Monday, May 7, 2012

The Tenth Man


I have admired Chris Dodd’s writing on rowing for three decades. I have followed his writing in The Guardian and later his short stint at The Independent. For years I subscribed to ARA’s magazine Regatta, which was founded by Dodd, giving Great Britain at the time two quality rowing magazines as Rowing already existed, published by the boat building company Aylings – nowadays ARA is called British Rowing and its magazine Rowing & Regatta.

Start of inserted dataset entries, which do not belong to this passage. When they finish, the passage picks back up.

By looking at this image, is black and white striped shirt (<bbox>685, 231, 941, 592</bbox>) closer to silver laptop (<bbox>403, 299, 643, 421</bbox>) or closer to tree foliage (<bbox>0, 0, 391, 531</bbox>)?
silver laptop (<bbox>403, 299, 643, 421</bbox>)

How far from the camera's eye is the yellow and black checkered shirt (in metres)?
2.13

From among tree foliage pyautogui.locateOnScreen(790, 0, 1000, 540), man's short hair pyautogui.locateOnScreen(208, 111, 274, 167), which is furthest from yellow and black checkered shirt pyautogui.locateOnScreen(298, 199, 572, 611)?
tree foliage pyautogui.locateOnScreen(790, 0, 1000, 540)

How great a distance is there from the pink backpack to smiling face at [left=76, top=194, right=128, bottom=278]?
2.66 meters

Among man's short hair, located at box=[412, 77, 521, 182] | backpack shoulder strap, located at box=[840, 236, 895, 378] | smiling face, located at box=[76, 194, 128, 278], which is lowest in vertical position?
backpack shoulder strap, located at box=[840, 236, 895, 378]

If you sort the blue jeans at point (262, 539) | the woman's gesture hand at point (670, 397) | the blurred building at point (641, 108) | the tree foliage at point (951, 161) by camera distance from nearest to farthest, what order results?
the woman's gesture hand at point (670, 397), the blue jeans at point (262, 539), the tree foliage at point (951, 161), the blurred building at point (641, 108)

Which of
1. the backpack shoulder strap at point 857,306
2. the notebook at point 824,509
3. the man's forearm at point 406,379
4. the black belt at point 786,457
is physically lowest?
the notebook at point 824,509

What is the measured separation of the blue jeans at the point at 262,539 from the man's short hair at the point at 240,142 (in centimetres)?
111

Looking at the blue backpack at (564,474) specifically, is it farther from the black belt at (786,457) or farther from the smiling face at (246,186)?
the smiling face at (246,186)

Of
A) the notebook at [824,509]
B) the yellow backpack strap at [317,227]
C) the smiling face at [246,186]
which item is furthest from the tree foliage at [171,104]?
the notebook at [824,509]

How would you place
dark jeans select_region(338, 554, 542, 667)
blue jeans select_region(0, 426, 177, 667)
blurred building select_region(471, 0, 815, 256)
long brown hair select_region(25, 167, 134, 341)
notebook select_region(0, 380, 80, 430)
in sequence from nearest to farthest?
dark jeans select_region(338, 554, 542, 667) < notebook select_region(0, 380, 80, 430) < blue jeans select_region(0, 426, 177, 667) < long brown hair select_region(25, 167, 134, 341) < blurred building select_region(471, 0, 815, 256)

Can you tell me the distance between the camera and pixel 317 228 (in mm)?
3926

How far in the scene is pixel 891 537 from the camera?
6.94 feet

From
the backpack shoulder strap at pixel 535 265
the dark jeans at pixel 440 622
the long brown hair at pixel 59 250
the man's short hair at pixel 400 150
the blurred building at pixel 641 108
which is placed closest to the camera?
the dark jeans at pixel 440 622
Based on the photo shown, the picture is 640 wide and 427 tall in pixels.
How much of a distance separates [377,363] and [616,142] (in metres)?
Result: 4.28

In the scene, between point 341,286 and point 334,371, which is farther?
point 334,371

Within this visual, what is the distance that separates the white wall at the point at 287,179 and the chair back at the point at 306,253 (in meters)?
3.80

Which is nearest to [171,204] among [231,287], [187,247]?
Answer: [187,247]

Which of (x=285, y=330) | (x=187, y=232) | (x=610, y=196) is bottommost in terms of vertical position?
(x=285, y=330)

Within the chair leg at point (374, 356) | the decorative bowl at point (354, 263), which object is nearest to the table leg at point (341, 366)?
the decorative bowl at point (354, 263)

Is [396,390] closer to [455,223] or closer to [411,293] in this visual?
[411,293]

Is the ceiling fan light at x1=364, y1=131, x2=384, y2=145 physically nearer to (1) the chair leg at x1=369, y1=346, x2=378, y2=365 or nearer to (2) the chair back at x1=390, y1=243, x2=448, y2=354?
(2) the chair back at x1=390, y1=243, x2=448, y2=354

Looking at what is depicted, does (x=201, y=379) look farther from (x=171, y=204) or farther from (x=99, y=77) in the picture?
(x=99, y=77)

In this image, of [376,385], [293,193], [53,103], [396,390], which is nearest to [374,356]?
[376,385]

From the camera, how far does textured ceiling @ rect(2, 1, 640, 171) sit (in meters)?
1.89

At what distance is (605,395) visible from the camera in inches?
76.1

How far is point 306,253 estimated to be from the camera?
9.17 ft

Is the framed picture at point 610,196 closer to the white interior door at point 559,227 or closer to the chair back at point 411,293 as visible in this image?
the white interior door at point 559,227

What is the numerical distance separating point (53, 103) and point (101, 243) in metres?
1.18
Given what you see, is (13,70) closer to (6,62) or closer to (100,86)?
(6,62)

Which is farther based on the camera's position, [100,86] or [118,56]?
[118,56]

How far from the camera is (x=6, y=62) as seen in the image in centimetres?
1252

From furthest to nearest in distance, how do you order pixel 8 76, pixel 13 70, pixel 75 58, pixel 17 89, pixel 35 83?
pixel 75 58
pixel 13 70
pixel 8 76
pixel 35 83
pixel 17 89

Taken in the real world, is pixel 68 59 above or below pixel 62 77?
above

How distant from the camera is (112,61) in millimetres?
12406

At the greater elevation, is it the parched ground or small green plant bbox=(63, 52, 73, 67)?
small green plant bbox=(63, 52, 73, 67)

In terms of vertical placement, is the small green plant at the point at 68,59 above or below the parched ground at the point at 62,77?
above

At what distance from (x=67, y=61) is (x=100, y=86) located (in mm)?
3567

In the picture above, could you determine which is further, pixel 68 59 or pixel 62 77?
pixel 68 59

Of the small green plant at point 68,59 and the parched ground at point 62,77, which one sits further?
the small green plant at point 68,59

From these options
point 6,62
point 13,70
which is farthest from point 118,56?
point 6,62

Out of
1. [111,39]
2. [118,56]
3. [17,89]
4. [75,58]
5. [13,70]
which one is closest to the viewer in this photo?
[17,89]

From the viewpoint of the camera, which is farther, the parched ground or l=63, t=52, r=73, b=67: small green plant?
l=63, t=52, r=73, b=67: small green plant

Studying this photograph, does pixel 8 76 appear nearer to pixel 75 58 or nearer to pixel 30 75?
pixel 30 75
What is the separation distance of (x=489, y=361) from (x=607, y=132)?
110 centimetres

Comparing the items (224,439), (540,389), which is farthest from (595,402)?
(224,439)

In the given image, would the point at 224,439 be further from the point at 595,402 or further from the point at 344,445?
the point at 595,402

And of course, I have read all of Dodd’s brilliant rowing books: Henley Royal Regatta (1981), The Oxford & Cambridge Boat Race (1983), Boating (1983), The Story of World Rowing (1992), Battle of the Blues: The Oxford and Cambridge Boat Race from 1829 (ed. with John Marks; 2004), and Water Boiling Aft: London Rowing Club, the First 150 Years 1856-2006 (2006).

Chris Dodd
When Dodd began his career as a rowing correspondent in the beginning of the 1970s, he joined a small group of outstanding rowing journalists, to mention the maybe most famous ones: Dickie Burnell, Desmond Hill, Geoffrey Page, Jim Railton, and John Rooda. Dodd is the only one left of these gentlemen of the rowing press, and today he has to be regarded as the doyen of rowing writers and historians. Nowadays, he is writing for the electronic rowing publication Rowing Voice, which he co-founded, and since 1997 he is the curator and historian at the River and Rowing Museum in Henley-on-Thames, a beautiful institution he also co-founded.

With this background, or should I write, firm base to stand on, Dodd is highly qualified to pen the story about how British rowing rose from pure misery to once again have crews standing on the medal podiums at the World Championships and Olympic Games. His new book is called Pieces of Eight: Bob Janousek and his Olympians, which was published in March, and it splendidly tells the tale of a forgotten era of British rowing. It might be hard for rowing people these days to understand how our time’s greatest rowing nation, which ‘invented’ modern rowing in the beginning of the 1800s and which has fed rowing giants like Sir Steven Redgrave and Sir Matthew Pinsent, had a two-decade-long ‘down period’. From after the Olympic Games in 1948 to the beginning of the 1970s (with the exception of an Olympic silver in the coxless four in 1964) British rowing had been without any medals and barely made it to the finals in the World Championships and Olympic regattas.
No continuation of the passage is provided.